Please return the listing below exactly, without any of its pictures.

Provided data:
..........

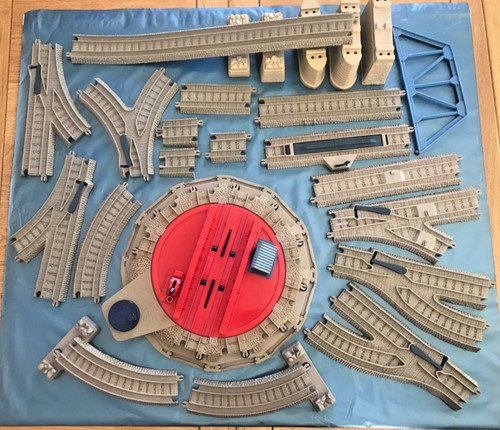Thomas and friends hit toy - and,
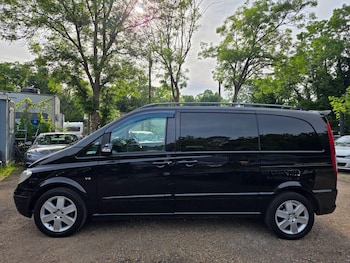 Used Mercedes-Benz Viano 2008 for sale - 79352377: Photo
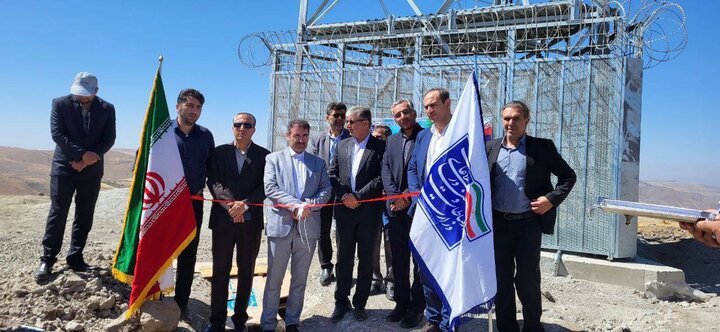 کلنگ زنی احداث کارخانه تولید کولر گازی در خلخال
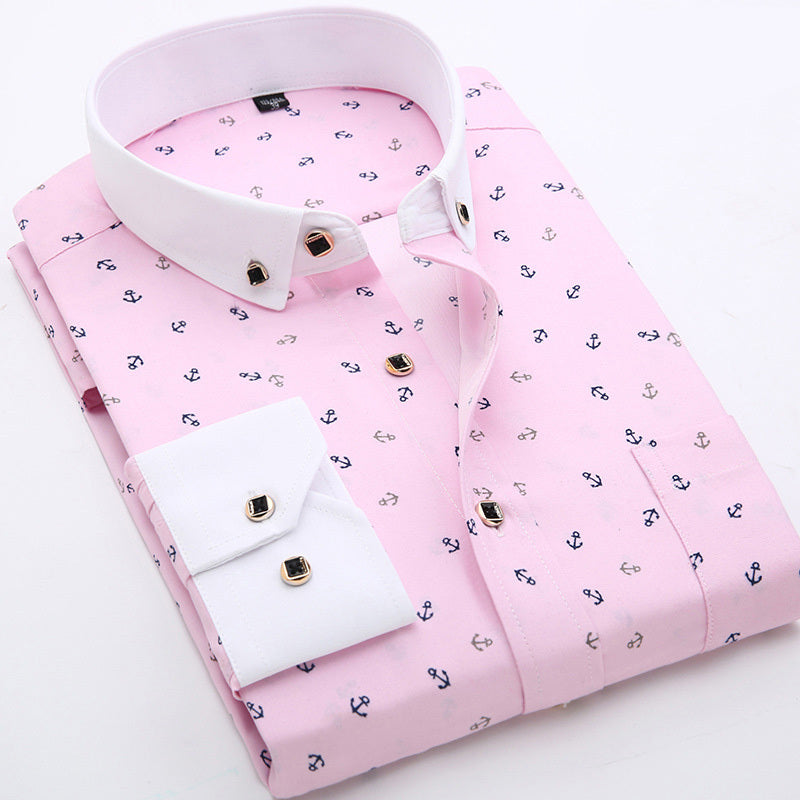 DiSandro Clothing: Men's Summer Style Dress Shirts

..........

Reply to the exercise:
Thomas and friends hit toy - and,
 Used Mercedes-Benz Viano 2008 for sale - 79352377: Photo
 کلنگ زنی احداث کارخانه تولید کولر گازی در خلخال
 DiSandro Clothing: Men's Summer Style Dress Shirts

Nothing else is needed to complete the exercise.